Periodic surveys of vertebrate populations of the Mariana Islands are important to formulating conservation strategies because the biodiversity of these small, oceanic islands is at extreme risk to threats from habitat loss and degradation, climate change, and invasive species, in particular the introduction of the brown treesnake (Boiga irregularis) from Guam (U.S. Fish and Wildlife Service [USFWS] 2005, Keppel et al. 2014). Tinian Island (hereafter, Tinian) has a long history of disturbance and habitat conversion dating from when the indigenous Chamorro people first reached the Mariana Islands around 2000 B.C., through Spanish colonization beginning in the sixteenth century, German and Japanese occupation in the early twentieth century, and continuing through World War II (WWII; Camp et al. 2012). Due to this history of anthropogenic disturbance, approximately 549 ha (or about 5% of Tinian) is currently covered by native limestone forest. Approximately 92% of other forest cover on the island is composed of mixed-secondary vegetation and invasive non-native tangantangan (Leucaena leucocephala) (Liu and Fischer 2006, Amidon 2009).
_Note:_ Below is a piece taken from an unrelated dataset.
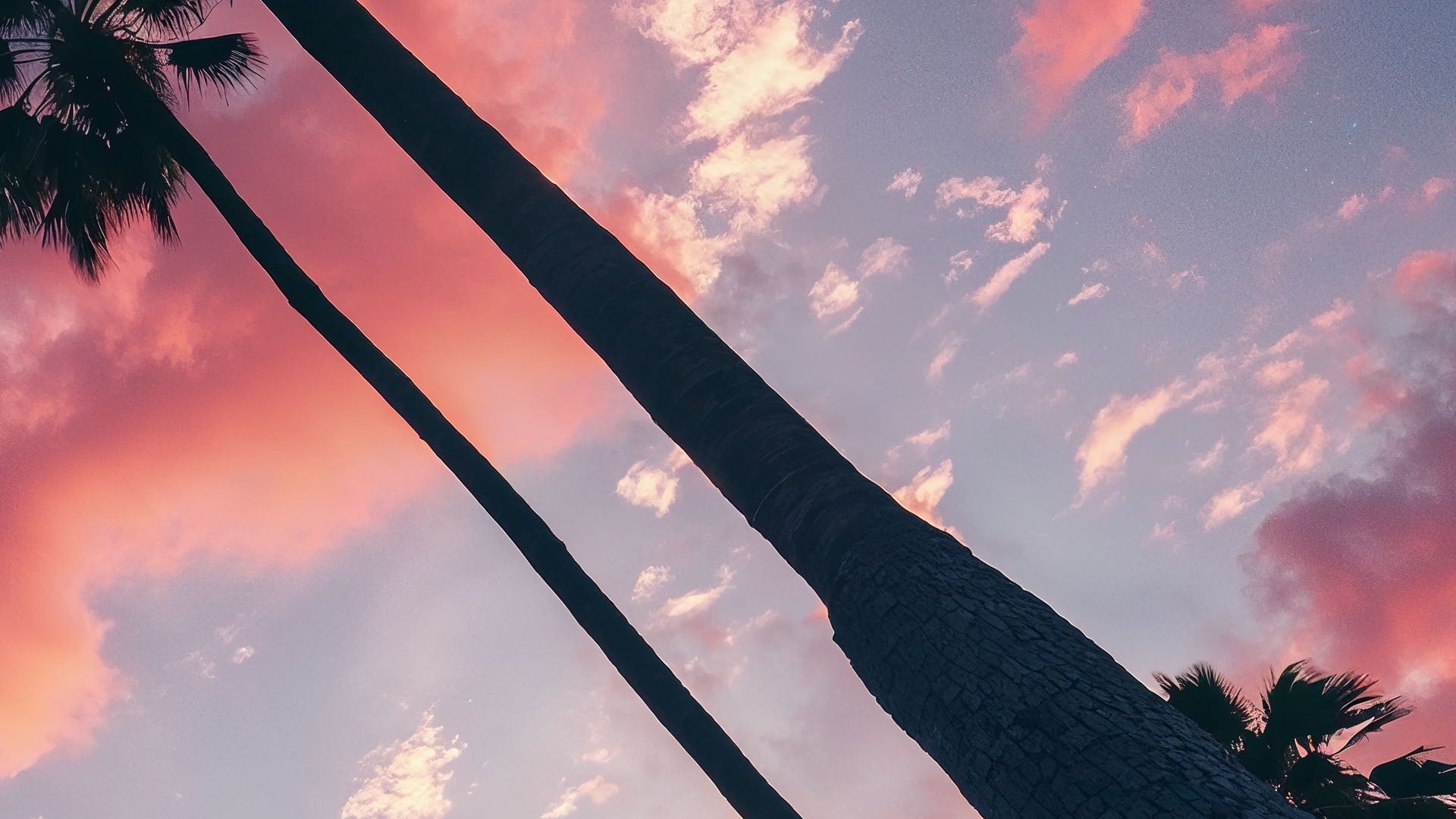 Aura Wallpaper - Los Angeles (Full HD)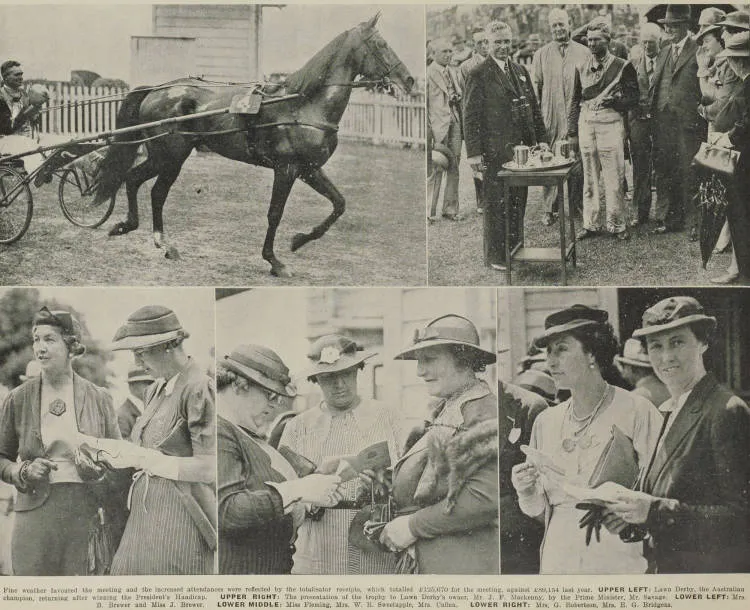 Auckland Trotting Club race meeting at Alexandra Park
In 1983, the United States government, with the Department of the Navy (DoN) as lease manager, entered into a long-term lease agreement with the Commonwealth of the Northern Mariana Islands (CNMI) government. The DoN now leases 6,232 ha of terrestrial lands covering the northern two-thirds of Tinian that is used for military training exercises and is known as the Military Lease Area.
The first quantitative bird surveys on Tinian were conducted by the USFWS in 1982 (Engbring et al. 1986). Additional surveys were conducted in 1996 and 2008, and those data were analyzed in Lusk et al. (2000) and Camp et al. (2012), respectively. Camp et al. (2012) provides an analysis of avian population trends based upon the 1982, 1996, and 2008 surveys.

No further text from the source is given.